The University's Easter Vacation is just coming to an end, and things are returning to normal after the week-long international festival of repository vitality that was OR2008. I've still got to sort out the financials and finalise the web site, but I've been spending most of time on the conference repository (http://pubs.or08.ecs.soton.ac.uk/) in the last week.
The thing that no-one tells you about repositories is that they are a lot like children. They end up being wonderfully satisfying, but they take an awful lot out of you and they go through phases of being messy and uncontrollable. This has dawned on me over the last few weeks in dealing with the OR08 repository, which is just emerging into the phase where I'm feeling really proud of it. It started off only a few days before the conference, when I realised that it was going to be easier to put all the presentations into a repository than manage them all on a website. The last conference I ran (WWW2006) we put all the presentations in a directory on a webserver and generated all the pages and links from a flatfile database using php. I didn't seriously consider using a repository for this conference for a couple of reasons (a) politics - choosing a specific repository platform (like EPrints) didn't seem very much in keeping with the non-partisan nature of the conference series and (b) policy - I have no perpetual mandate for launching a repository for the conference series, and making one for the single event seems a bit profligate given the rhetoric of persistence that repositories are couched in. In the end practicality won out over politics and policy, because repositories have moved on so much in the last couple of years that they have become genuinely useful tools for large-scale information acquisition, processing and dissemination for the web. Sure, if you have a small workshop with a dozen papers to publicise just bung up a website, but with 30 papers+presentations and 50 posters+artwork and user groups providing another 40 presentations (plus a couple of BOFs), a repository becomes an invaluable infrastructure for collecting and displaying material.
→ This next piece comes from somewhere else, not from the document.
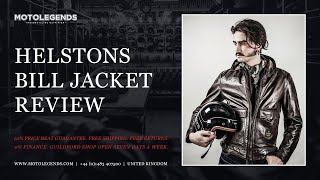 Helstons Bill jacket review [upl. by Adelheid]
I touch on this dichotomy in my own paper at the conference (End-of-Life Scenarios for Virtual Organisation's Repositories) which is all about balancing the immediate usefulness of a repository with the responsibility for sustaining it into the future. In some ways it's an argument not about repositories in particular, but about web resources in general. And perhaps the analogy with children is apt once more - there's a certain excitement in making them, but then someone has to stick around and pay the bills.